AI Security Testing Tools: Garak, PyRIT, promptfoo, and the Controls They Actually Validate

Do Not Buy an "AI Security Tool" Expecting It to Solve AI Security

AI security tools are useful, but they are often marketed as if one scanner can validate an entire LLM or agentic application. That is not how the problem works.

Different tools answer different questions:

Can I automatically probe for prompt injection and jailbreak behavior?
Can I regression test prompts and outputs in CI?
Can I simulate adversarial prompting at scale?
Can I validate whether the application, not just the model, leaks data or misuses tools?

If you use the wrong tool for the wrong control, you get pretty output and weak assurance.

The Three Tools Most Teams Start With

Garak

Garak is best understood as an LLM vulnerability scanner focused on broad automated probing.

It is strong for:

Prompt injection and jailbreak style probes
Unsafe output patterns
Quick coverage across many prompts and models

It is weaker for:

Full application context
Multi-step business logic
Tool-use authorization checks

PyRIT

PyRIT is geared toward red teaming and risk identification workflows.

It is useful when you want:

Structured adversarial testing
Repeatable attack strategies
More deliberate exploration than a simple one-shot probe suite

It still does not replace manual review of application logic, retrieval paths, and tool permissions.

promptfoo

promptfoo is particularly useful for evaluation and regression testing.

It helps teams answer:

Did the model or application behavior get worse after a prompt, model, or system change?
Are known bad cases still blocked?
Can we keep a repeatable test set in CI?

It is excellent for guardrail regression.
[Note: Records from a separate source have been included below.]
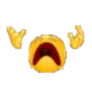 cri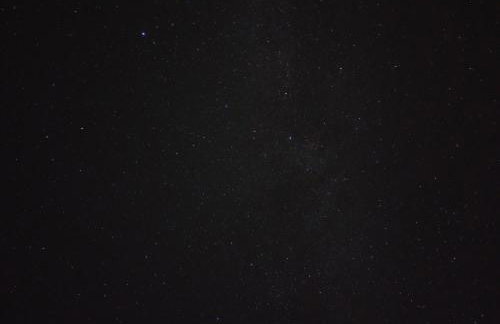 Agroturystyka AMiG - Foto 21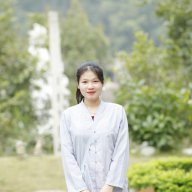 baobinhmh96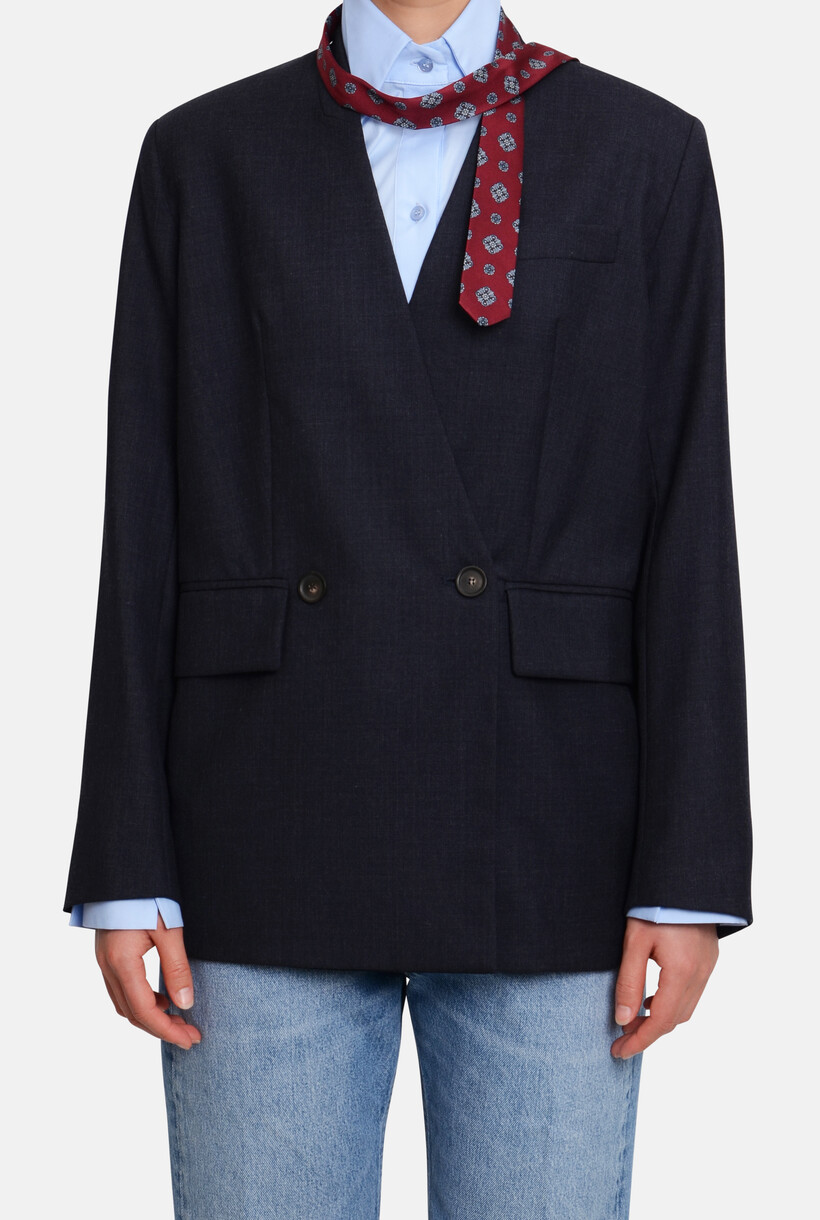 BLAZER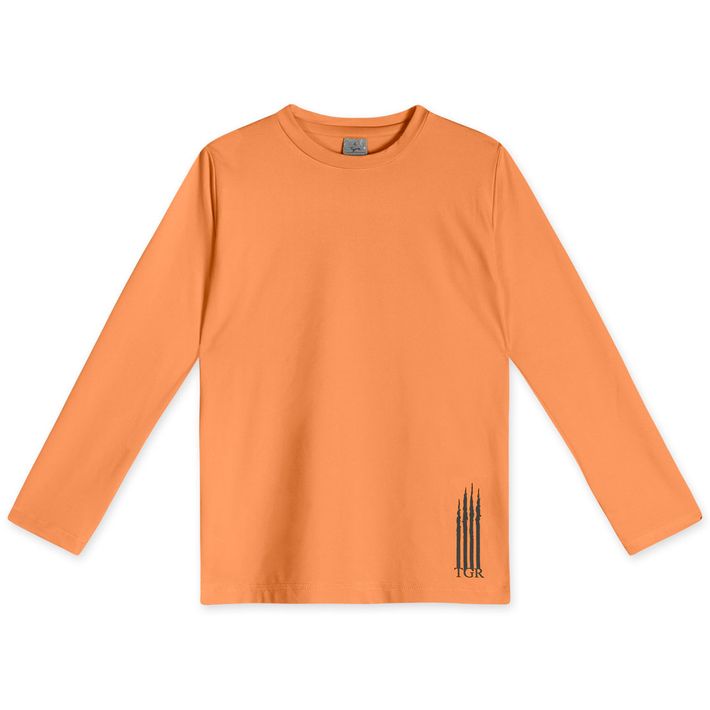 Camiseta-Manga-Longa-Com-Protecao-Solar-Infantil-Masculina-Tigor
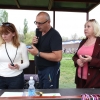 Велоспорт 19.04.2016 г.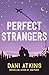Perfect Strangers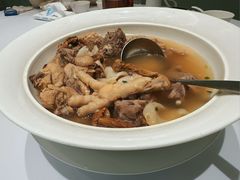 -眉州东坡·熊猫主题餐厅(枫蓝店)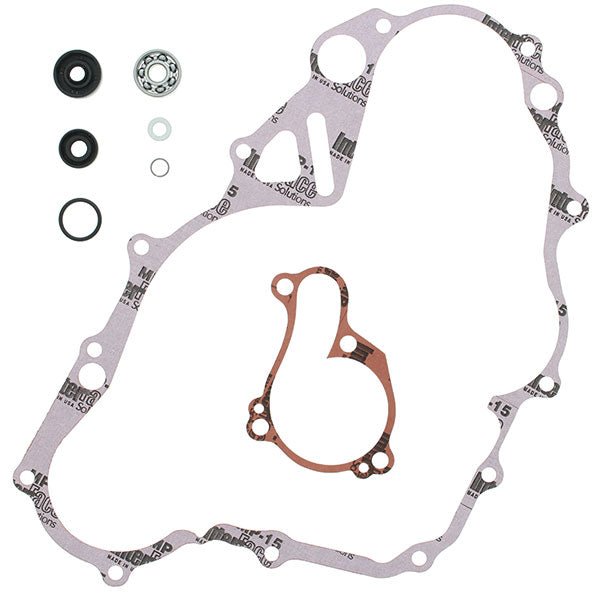 VERTEX WATER PUMP REBUILD KIT (821690) - DRIVEN Canada's Powersports 534821690821690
It is not a substitute for a full security review.

Which Controls Each Tool Helps Validate

Control area	Garak	PyRIT	promptfoo
Prompt injection probing	Strong	Strong	Moderate
Jailbreak and policy stress testing	Strong	Strong	Moderate
Regression testing in CI	Moderate	Moderate	Strong
Multi-step adversarial exploration	Moderate	Strong	Weak
Full application authorization review	Weak	Weak	Weak
Unsafe tool use or MCP boundary validation	Weak	Moderate	Weak

That last row matters. Most AI incidents that scare engineering leaders are not just model output problems. They involve data access, retrieval boundaries, tool execution, or identity mistakes around agent actions.

A Better Testing Model for AI Applications

Use automated tools for scale, then use human review for context.

Layer 1: Automated prompt and jailbreak testing

Run Garak or PyRIT style probes regularly to catch obvious regressions and weak guardrails.

Layer 2: Regression suites in CI

Use promptfoo or equivalent evaluation tooling to keep a stable set of known-bad prompts, expected refusals, and sensitive scenarios.

Layer 3: Application-context review

This is where human testers look at:

RAG document poisoning paths
Tenant isolation in retrieval
Model output rendering and downstream execution
Tool and function authorization
Secret exposure in logs, traces, and prompts

Layer 4: Adversarial workflows against the real system

For agentic apps, test whether indirect prompt injection can:

Change planning behavior
Trigger a sensitive tool call
Exfiltrate retrieved context
Abuse approvals or hidden side effects

Example: Why Tooling Alone Misses the Main Risk

Suppose an internal AI assistant can read Jira tickets, search documentation, and create GitHub issues.

Automated prompt probes may show that the model resists obvious jailbreak prompts. That sounds encouraging.

But the real problem may be elsewhere: a retrieved document contains hidden instructions that cause the agent to open a GitHub issue containing sensitive internal URLs, or a lower-privileged user can coerce the assistant into fetching content from a project they should never see.

That is not a model-only problem. It is an application security problem expressed through AI.

What to Look For When Evaluating AI Security Tools

Can the tool run against your actual application flow, not just a bare model endpoint?
Can it capture and compare outputs over time?
Does it support the attack classes you care about most?
Can it fit into CI without creating unmanageable noise?
Does it help your team reproduce and fix issues, not just score them?

A Practical Tooling Stack for Most Teams

For many teams, a sensible starting point looks like this:

Garak or PyRIT for automated adversarial probing
promptfoo for repeatable regression tests
Manual review for RAG, tool-use, auth, and output handling risks
Periodic AI red team exercises for high-impact systems

That blend is much more realistic than searching for one all-in-one platform.